Solar and wind cannot ever provide cheap, reliable grid electricity, however wonderful their management and engineering. Because the electricity leaving the solar panel or the wind turbine is so intermittent, unreliable and seldom available, it costs a fortune to make it reliable (with standby generators, spinning reserve, extra transmission, extra controls, storage, compensation for loss of inertia, and so on.) This is why, all around the world, whenever solar and wind are used on a large scale, the final prices of electricity soar and electrical failures increase. In IRP 2019, the “least cost” option was solar and wind, which is in fact the greatest cost option. IRP 2019 was a green fantasy.

I am not sure what powers the IRP has. It seems to be just a guide, a series of suggestions about our future electricity supply. As far as I can see, when interested parties want to build a new power station of whatever energy source, they look at the IRP for guidance, and then approach the minister of minerals and energy (or whoever is the responsible minister) and ask for a Section 34 Determination, which authorises such a build. The minister consults the National Energy Regulator of South Africa (NERSA), and then approves of the Determination or does not. There are some areas of vagueness in the process, notably about Independent Power Producers (IPPs).

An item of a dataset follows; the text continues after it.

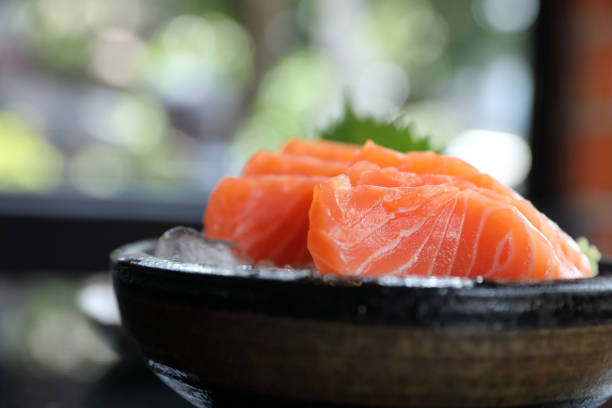 istock Salmon sashimi on ice Japanese food 1064599530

IRP 2023 deals with the present state of Eskom’s power stations (poor) and measures needed to improve them. It considers future electricity demand and our likely shortfall in meeting it for the next years. It looks at the state of our transmission system (the system that brings electricity from the power stations to centres of demand, where it is distributed to users). 

And it discusses future energy options for electricity supply and storage. It uses two horizons: Horizon 1 is from now until 2030, Horizon 2 is from 2031 to 2050. It considers coal, gas, nuclear, wind, solar, storage, and others. 

Unfortunately, it makes endless reference to the unscientific nonsense of dangerous manmade climate change from rising CO2. Actually, as we can see over hundreds of millions of years, CO2 has never had any effect on the climate (it only captures heat up to about 150 ppm, and the Earth’s CO2 has always been above that). But rising CO2 has a wonderful effect on plants. I do not know whether the energy department believes the climate alarm nonsense, but it is the prevailing superstition of the ruling establishment and cannot be ignored.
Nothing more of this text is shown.